◆ Records for the exercise ◆
****************
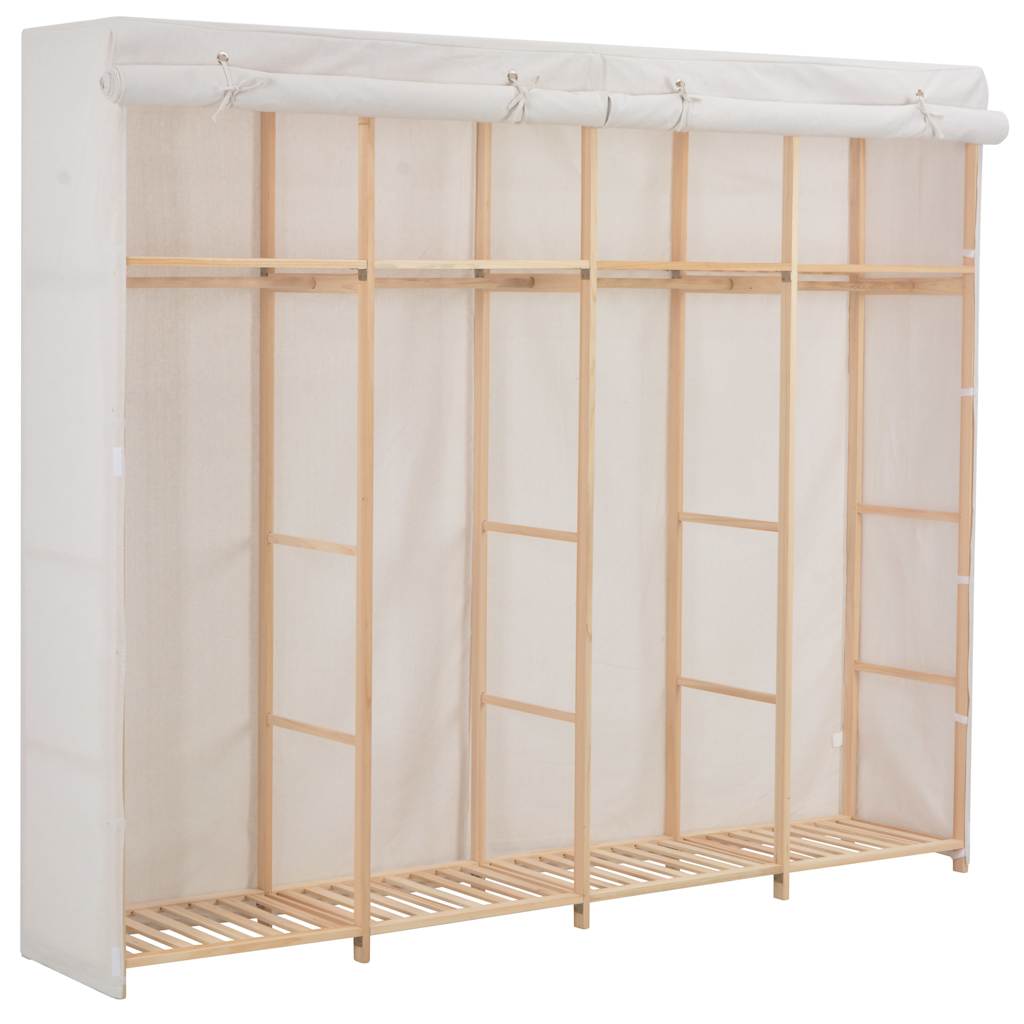 vidaXL Armario de tela 200x40x170 cm en color Gris/Blanco | almacenamiento funcional diseño moderno para baño dormitorio sala
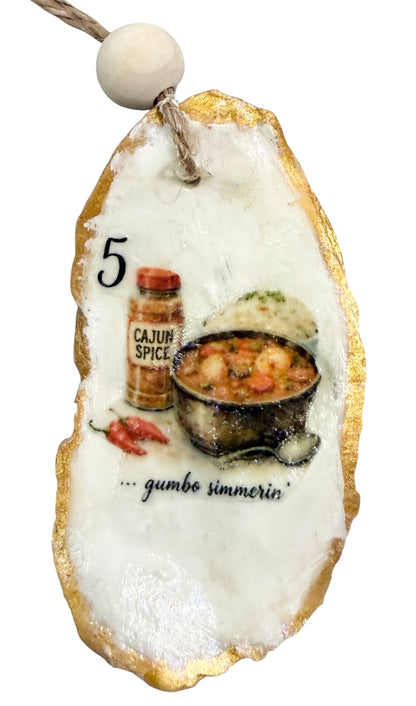 12 Days of Cajun Christmas Oyster Shell Ornament Set:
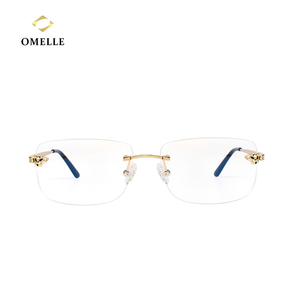 Tùy Chỉnh Unisex Rắn Thép Không Gỉ Kính Quang Học Thời Trang Hình Chữ Nhật Không Có Vành Kinh Doanh Khung - Product Image 2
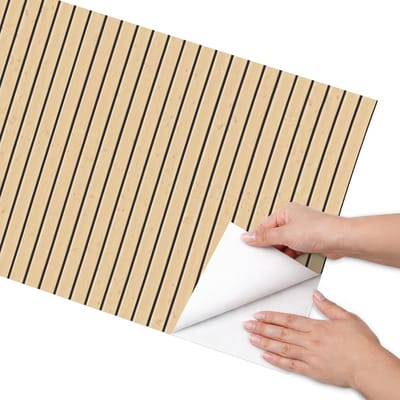 Coloray Meubel Wrap Folie - Beige Meubelfolie - 50x100 cm - Decoratiefolie Zelfklevend Houten stroken - Meubelfolie Zelfklevend - Minimalist Meubelfolie - Wrapfolie Keuken - Wanddecoratie - Texturen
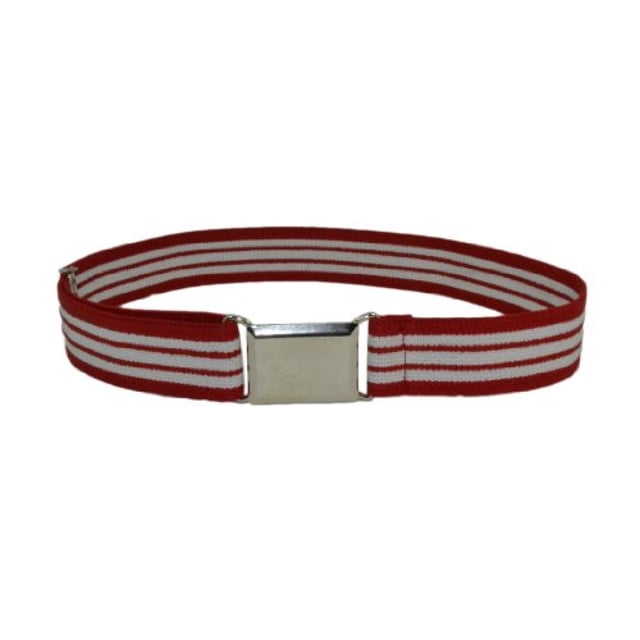 Ceinture Élastique Ajustable pour Enfants avec Boucle Carrée Argentée - Rayure Rouge et Blanche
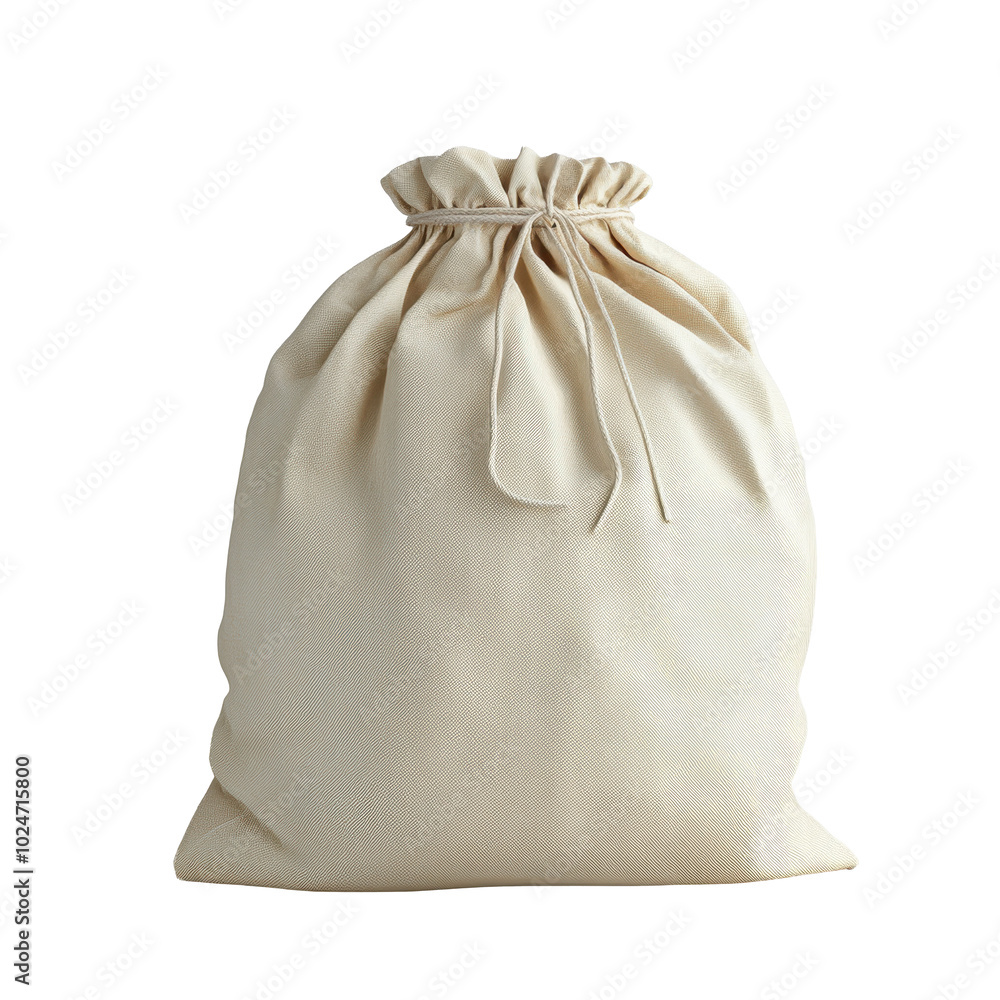 Drawstring fabric bag isolated on transparent background, eco-friendly packaging, reusable cotton sack, minimal design, sustainable storage solution, high-quality image Drawstring fabric bag isolated on transparent background, eco-friendly packaging, reusable cotton sack, minimal design, sustainable storage solution, high-quality image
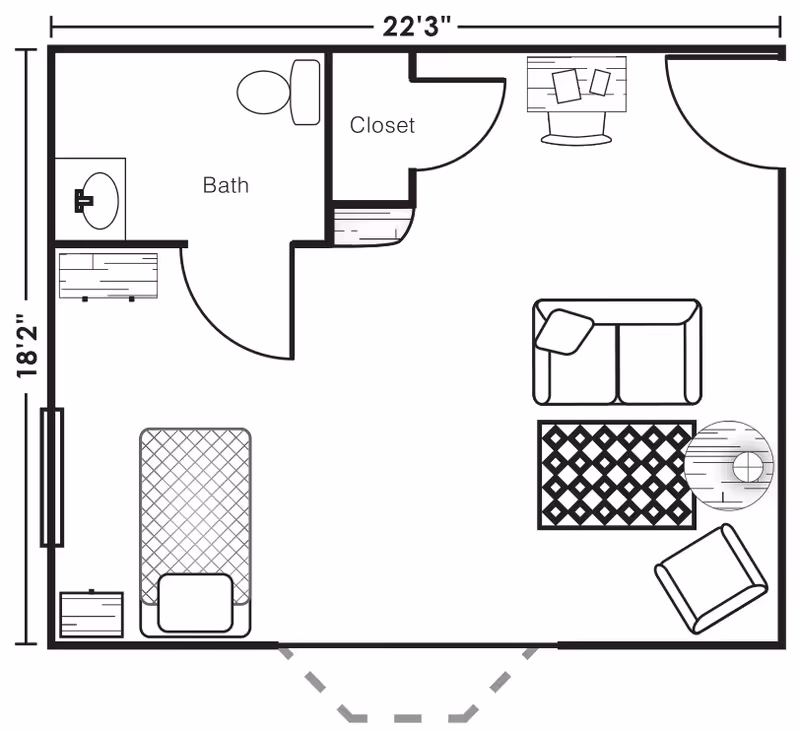 Black-and-white floor plan of a studio apartment showing a combined living and sleeping area with a bed, sofa, chair, rug, bathroom, closet, furniture and labeled dimensions.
****************
◆ Task to complete ◆
Set down word for word the lines from the opening of the entries above through the line that contains "Tùy Chỉnh Unisex", and omit every picture.

◆ Your solution ◆
 vidaXL Armario de tela 200x40x170 cm en color Gris/Blanco | almacenamiento funcional diseño moderno para baño dormitorio sala
 12 Days of Cajun Christmas Oyster Shell Ornament Set:
 Tùy Chỉnh Unisex Rắn Thép Không Gỉ Kính Quang Học Thời Trang Hình Chữ Nhật Không Có Vành Kinh Doanh Khung - Product Image 2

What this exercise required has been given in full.